◆ Instructions to follow ◆
Output a character-exact copy of the data, images removed.

--- Data shown ---

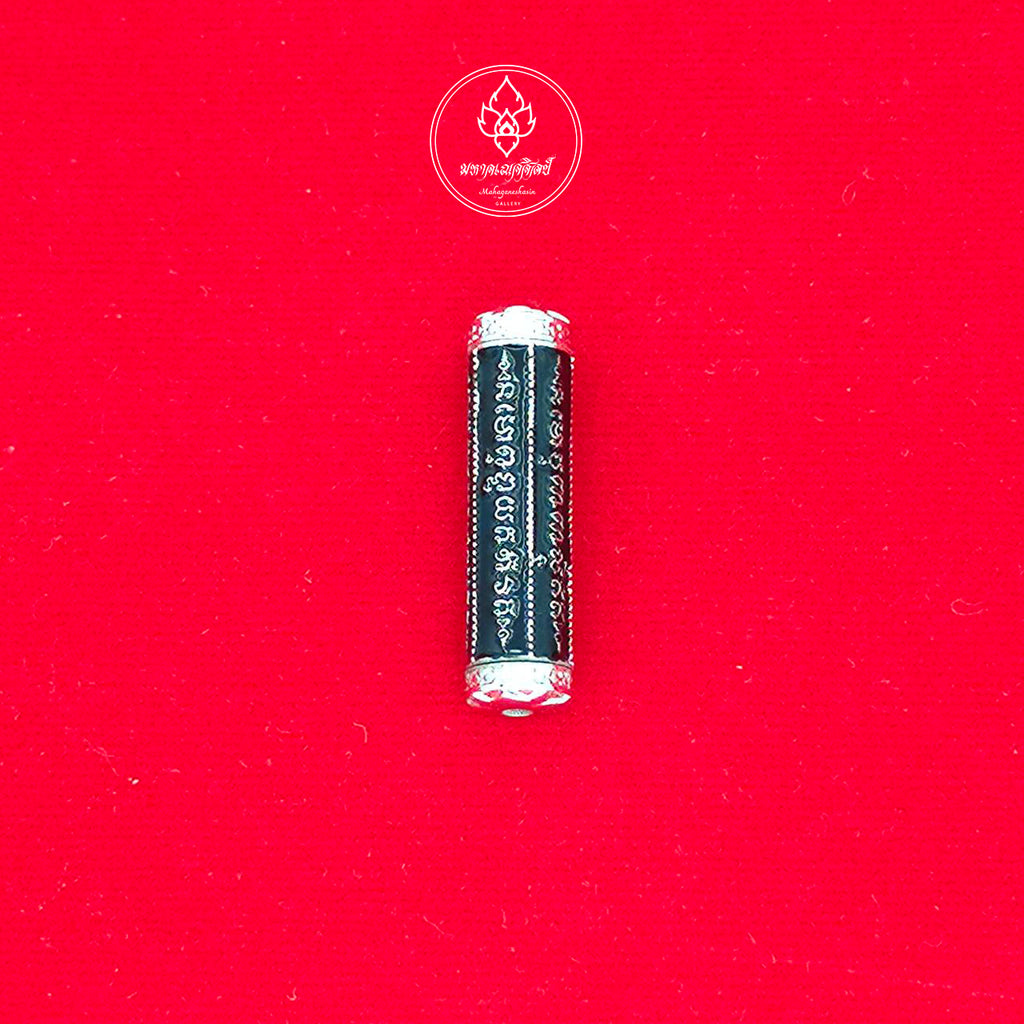 Black cylindrical takrut 5 lines amulet with silver caps and engraved script on red cloth by Thai Blessing Co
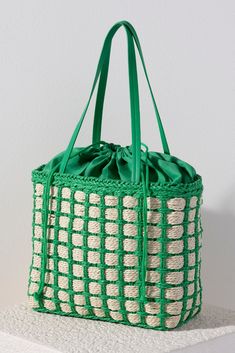 Accessorize with color this summer by carrying Shiraleah's Juanita Tote. Made from woven paper straw with a chic green cotton lining, this trendy bag will fit your favorite outfit perfectly. The drawstring closure ensures all your items are safely enclosed, while creating a unique silhouette that is sure to stand out from the crowd. Pair with other items from Shiraleah to complete your look! Boat Shoes Outfit, Buy Bags, Net Bag, Straw Tote, Purse Accessories, Woven Paper, Knitted Bags, Chic Boutique, Green Cotton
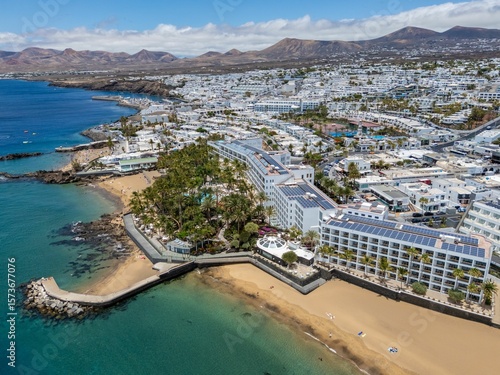 Fotografie Aerial view of Puerto del Carmen, Lanzarote, showcasing coastal buildings and cl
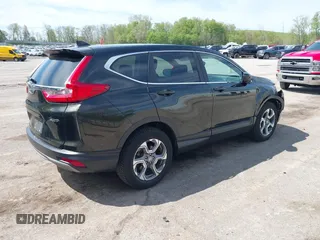 2018 Honda CR-V EX-L z VIN 7FARW2H82JE021578, wystawiony jako IAAI lot #42215280 z przebiegiem 82 571 mil mil oraz . Historia ofert i sprzedaży dostępna na DreamBid. Obrazek 4.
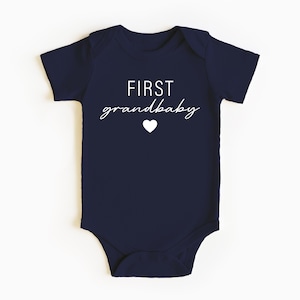 May include: Navy blue baby onesie with white text that reads "FIRST grandbaby" and a small white heart.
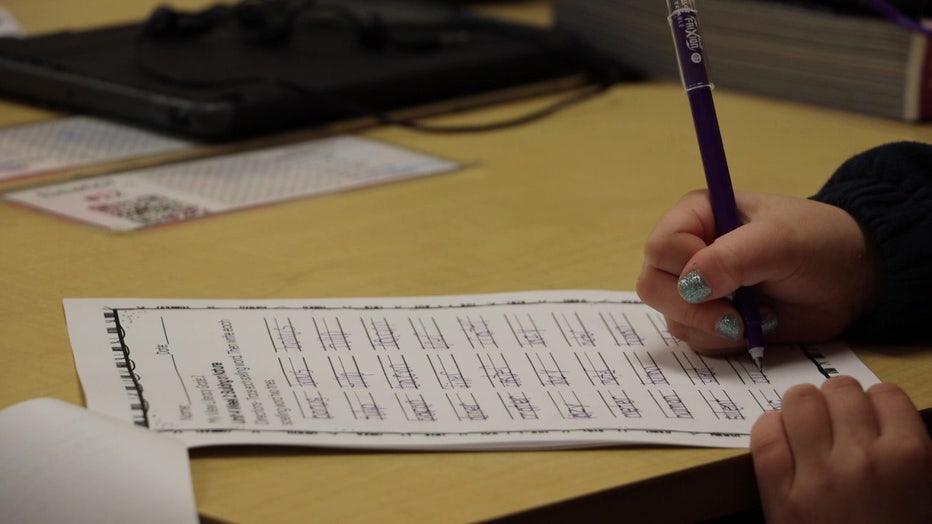 A student works on classwork at Waterset Charter. 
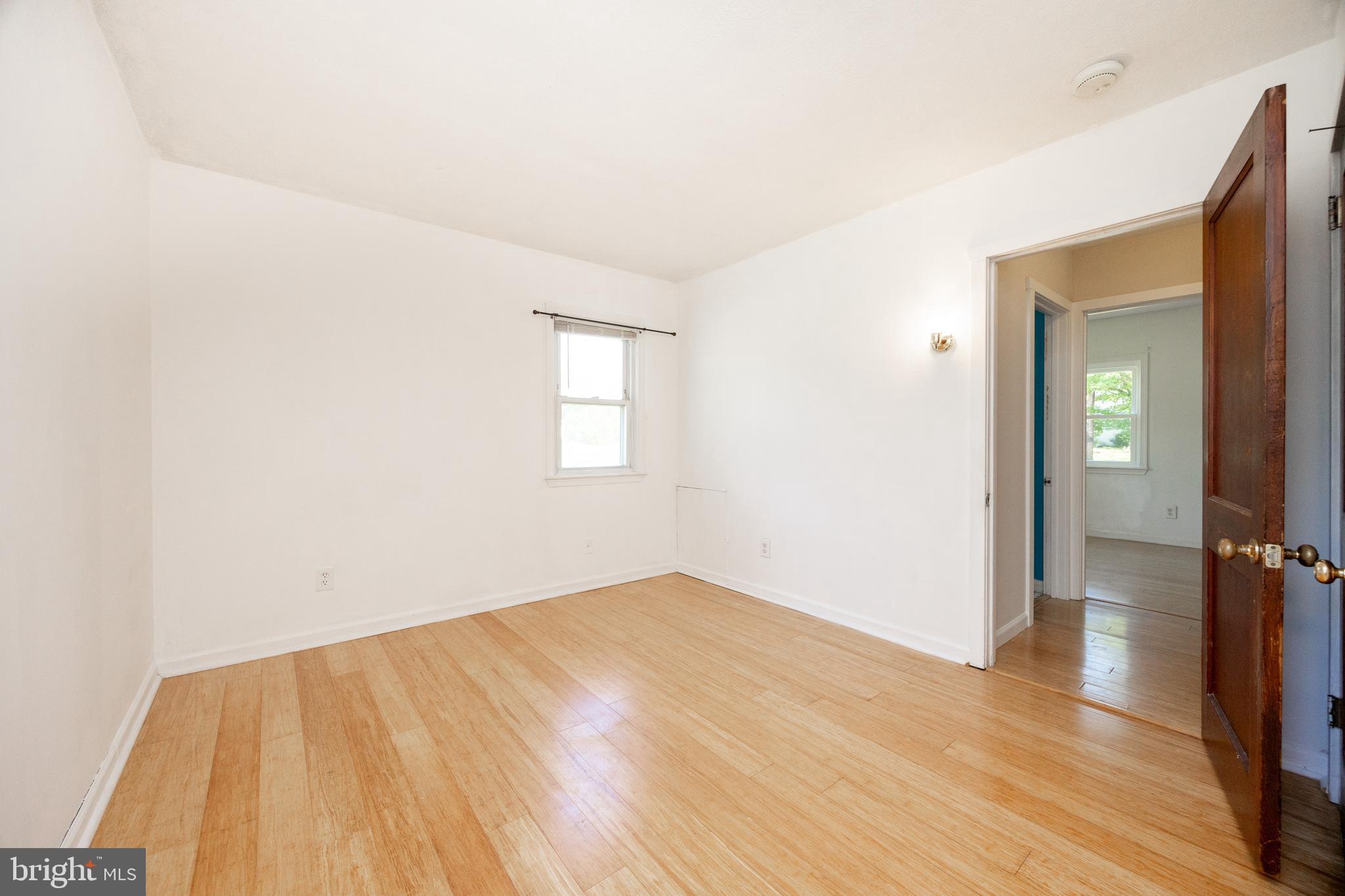 2405 Line Lexington Road Hatfield, PA 19440 - Photo 25 of 31 an empty room with wooden floor and windows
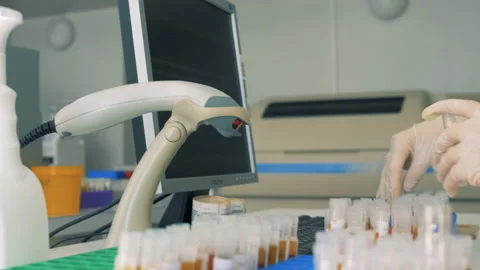 Bar codes of test tubes are getting scanned Stock Footage 93737284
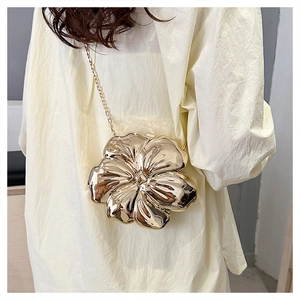 Detailed view of the gold flower-shaped hard shell box bag with metallic chain strap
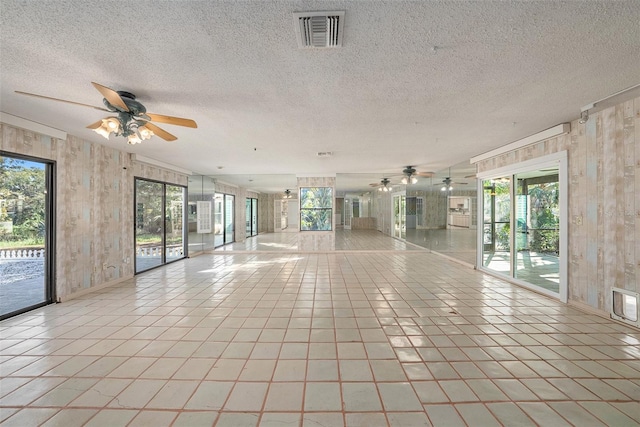 unfurnished room with a textured ceiling, ceiling fan, a healthy amount of sunlight, and wood walls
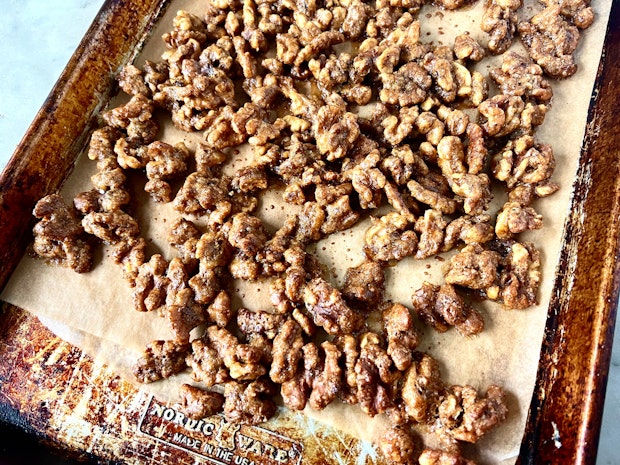 candied walnuts cooling on a baking sheet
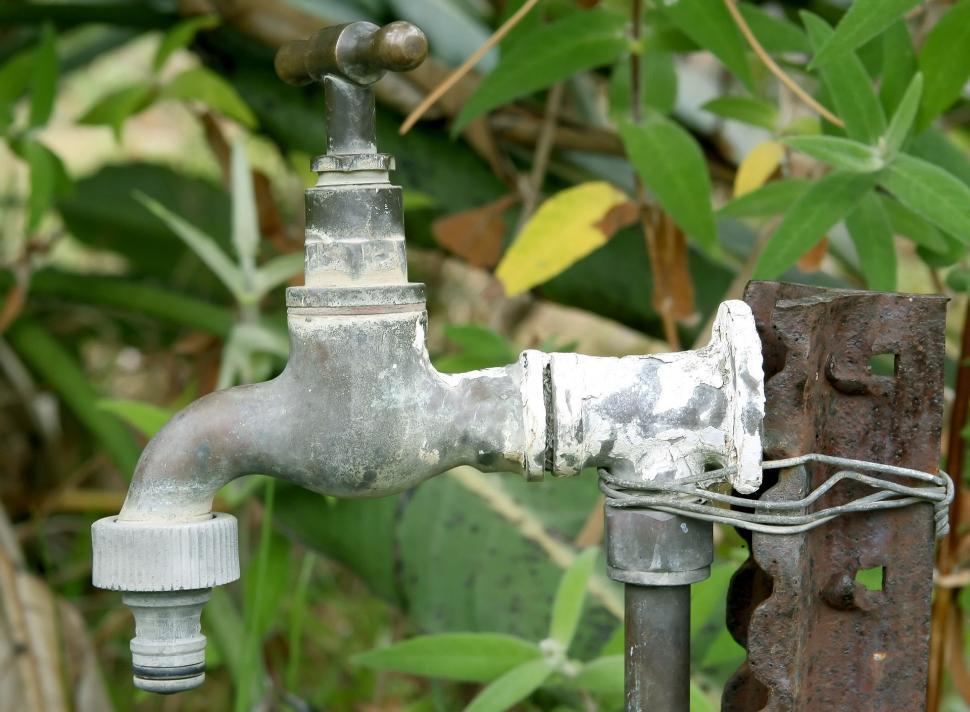 Free Image of Old Water Faucet Attached to Metal Pole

---

◆ Solution to the problem ◆
 Black cylindrical takrut 5 lines amulet with silver caps and engraved script on red cloth by Thai Blessing Co
 Accessorize with color this summer by carrying Shiraleah's Juanita Tote. Made from woven paper straw with a chic green cotton lining, this trendy bag will fit your favorite outfit perfectly. The drawstring closure ensures all your items are safely enclosed, while creating a unique silhouette that is sure to stand out from the crowd. Pair with other items from Shiraleah to complete your look! Boat Shoes Outfit, Buy Bags, Net Bag, Straw Tote, Purse Accessories, Woven Paper, Knitted Bags, Chic Boutique, Green Cotton
 Fotografie Aerial view of Puerto del Carmen, Lanzarote, showcasing coastal buildings and cl
 2018 Honda CR-V EX-L z VIN 7FARW2H82JE021578, wystawiony jako IAAI lot #42215280 z przebiegiem 82 571 mil mil oraz . Historia ofert i sprzedaży dostępna na DreamBid. Obrazek 4.
 May include: Navy blue baby onesie with white text that reads "FIRST grandbaby" and a small white heart.
 A student works on classwork at Waterset Charter. 
 2405 Line Lexington Road Hatfield, PA 19440 - Photo 25 of 31 an empty room with wooden floor and windows
 Bar codes of test tubes are getting scanned Stock Footage 93737284
 Detailed view of the gold flower-shaped hard shell box bag with metallic chain strap
 unfurnished room with a textured ceiling, ceiling fan, a healthy amount of sunlight, and wood walls
 candied walnuts cooling on a baking sheet
 Free Image of Old Water Faucet Attached to Metal Pole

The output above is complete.